The fluffy cream filling and moist golden cake make it hard to resist that signature Twinkie taste in this dearly beloved yet much maligned symbol of American processed food.
Unlike their chocolate rivals the Ho-Ho and the Ding Dong, Twinkies are such a cultural benchmark that over the years several urban legends have emerged about this snack, which contains 39 ingredients including some widely used chemicals.
Those chemicals have led some to believe these narrow yellow cakes have a never-ending shelf life and spend seven years decomposing in the human intestinal tract.
So when author Steve Ettlinger decided to write a book about processed food in America, the Twinkie was his ideal model. "Twinkie, Deconstructed: My Journey to Discover How the Ingredients Found in Processed Foods Are Grown, Mined (Yes, Mined), and Manipulated into What America Eats" chronicles Ettlinger's journey to discover the source -- both geographical and chemical -- of every ingredient listed on the back of Hostess' popular treat.
He said he wanted to write a book about food ingredients and was ultimately motivated when watching his two children eat ice cream bars at the beach. "As they happily ate I read, slack jawed, the ingredient list on the label of the ice cream bars," said Ettlinger in an interview with ABC News. "Finally, my little daughter pitched a zinger. 'Daddy, where does polysorbate 60 come from?' I had to do this book.
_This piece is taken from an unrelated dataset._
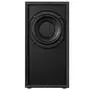 Домашний кинотеатр Samsung HW-F355/RU - 3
I had to find out, and now I can tell her and she knows."
He decided to track down these ingredients and find where they are made, and what they contribute to the cake. Aside from polysorbate 60, there are 38 other ingredients listed in a Twinkie, a list that begins with flour, sugar, corn and soybeans.
But as the list goes on, he said the ingredients become a veritable who's who of the food chemical world.
Here's how it breaks down: Polysorbate 60 is used for that smooth consistency, high fructose corn syrup adds a sugary sweet taste, sodium stearoyl lactylate contributes the soft spongy texture, mono and diglycerides prevent drying, red No. 40 and yellow No. 5 achieve that golden color, sorbic acid helps retain freshness and cellulose gum enhancea the thickness and creaminess of the filling.
Rocks in Your Twinkies?
Ettlinger's quest to track down the elements in Twinkies took him across the country from a mine in Green River, Wyo., to a tree farm in Arkansas, where some of the ingredients are produced. He also looked around the world from a niacin refinery in Switzerland to a vitamin processing plant in China.
"The most surprising ingredient [in Twinkies] was baking powder, which is listed on the label as chemical leavening. Baking powder, which makes cakes light and airy, is made from three kinds of rocks," he said. Ettlinger found that rocks are not only found in Twinkies, but in any processed cake or bread.
"It's hard to wrap your mind around the fact that potentially there are rocks in your Twinkies or, for that matter, in any cake or bread, but that's the case.
"Besides the sodium bicarbonate, or baking soda, that comes from the ore mine in Wyoming and the limestone from the Ozarks and the phosphorous from North Carolina or Idaho, the other rocks are calcium sulfate, which is mined in southern Oklahoma and is pure gypsum -- the same stuff you put on your walls," he explained.
Despite the alarming number of chemicals and preservatives packed into this finger food, Ettlinger advised consumers "not to worry" and said hat Americans should "not be shocked" by the multitude of chemical ingredients.
"After all, all food is made of chemicals," he said. "Carbon, hydrogen, oxygen, a lot of organic chemicals. These things are put together in different ways to get different types of food and shapes of food."
Go Ahead, Eat!
After he figured out what was inside a Twinkie you might think he would advise folks take a break from this dessert.
While Ettlinger said Twinkies aren't the devil they've been made out to be, he is not saying you should head out to your local 7/11 and gobble up as many as you would like.
"Twinkies are a dessert, they're a snack, they're a treat, and to have one once in awhile is fine," he said. "People ask me, 'Are Twinkies bad for you?' No. Are they good for you? Well, that's sort of a strange question. If you want something good for you go eat an apple, eat some zucchini, but don't expect a snack cake to be really, really good for you."
Ultimately, Ettlinger's study of the Twinkie is an inspection of all processed foods in America. He's even come up with his own name for the Twinkie-ization of American foodstuffs, the Twinkie nexus, to refer to the source of the materials used in these cakes.
"These are chemicals that come from the most common chemicals made in our country and around the world -- sulfuric acid, lime, ethylene, propylene. In the United States, 14 of the top 20 chemicals are somehow used to make ingredients in Twinkies.
"The Twinkie nexus extends beyond our borders, though. These same chemicals come from all over the world, as well as the processes that are used to make them into things like vitamins, artificial colors and artificial flavors," he explained.
Still, despite his attempt to rescue the Twinkie from its rotten reputation, Ettlinger agrees with those who question the need to pack these pint-size delicacies with unpronounceable and unrecognizable ingredients.
"You have to wonder, why do Twinkies need 39 ingredients? Can't I make a cake at home with just a few ingredients? The answer is you can. You don't need the preservatives because if you bake well everybody is going to eat your cake really quickly," Ettinger said.
"I made a sort of a gourmet version of a Twinkie at home … Boy was that good. No aftertaste either."